A new study reveals that workers are increasingly using AI to produce “workslop”—low-quality, AI-generated work that appears legitimate but lacks substance and requires others to fix or redo it. Research from BetterUp Labs, a coaching and development platform, and Stanford Social Media Lab found that 40% of 1,150 surveyed employees received workslop in the past month, with recipients spending nearly two hours cleaning up the mess.
What you should know: Workslop represents a fundamental shift in workplace dynamics, where AI tools enable workers to offload cognitive work to their colleagues rather than genuinely improving productivity.
- The researchers define workslop as “AI-generated work content that masquerades as good work, but lacks the substance to meaningfully advance a given task.”
- Unlike traditional corner-cutting, workslop “uniquely uses machines to offload cognitive work to another human being,” transferring effort from creator to receiver.
- The phenomenon occurs most frequently between peers but also flows from direct reports to managers.
The big picture: This trend highlights a growing contradiction between AI’s promised productivity gains and the messy reality many workplaces are experiencing.
- Professional services and technology sectors are disproportionately affected by workslop, according to the research.

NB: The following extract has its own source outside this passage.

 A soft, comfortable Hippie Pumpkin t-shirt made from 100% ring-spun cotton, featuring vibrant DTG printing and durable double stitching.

- Despite widespread claims that AI will supercharge productivity, only 5% of companies have seen a return on investment in the technology, according to a recent MIT report.

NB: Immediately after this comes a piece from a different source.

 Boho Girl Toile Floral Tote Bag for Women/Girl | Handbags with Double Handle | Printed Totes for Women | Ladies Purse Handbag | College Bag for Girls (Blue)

- Some reports show AI improving productivity in specific areas like coding, while others reveal a more complicated landscape.
Career consequences: Workers who produce workslop face significant reputational damage among their peers and supervisors.
- Half of survey respondents view colleagues who turn in workslop as less creative, reliable, and capable.
- The practice risks professional reputation as managers and peers increasingly recognize and penalize low-quality AI-generated work.
The hidden cost: Recipients of workslop spend an average of one hour and 56 minutes fixing or redoing the work, creating a productivity drain that contradicts AI’s efficiency promises.
What they’re saying: Survey respondents described the frustrating cascade of additional work created by workslop.
- “I had to waste more time following up on the information and checking it with my own research. I then had to waste even more time setting up meetings with other supervisors to address the issue. Then I continued to waste my own time having to redo the work myself,” one respondent explained.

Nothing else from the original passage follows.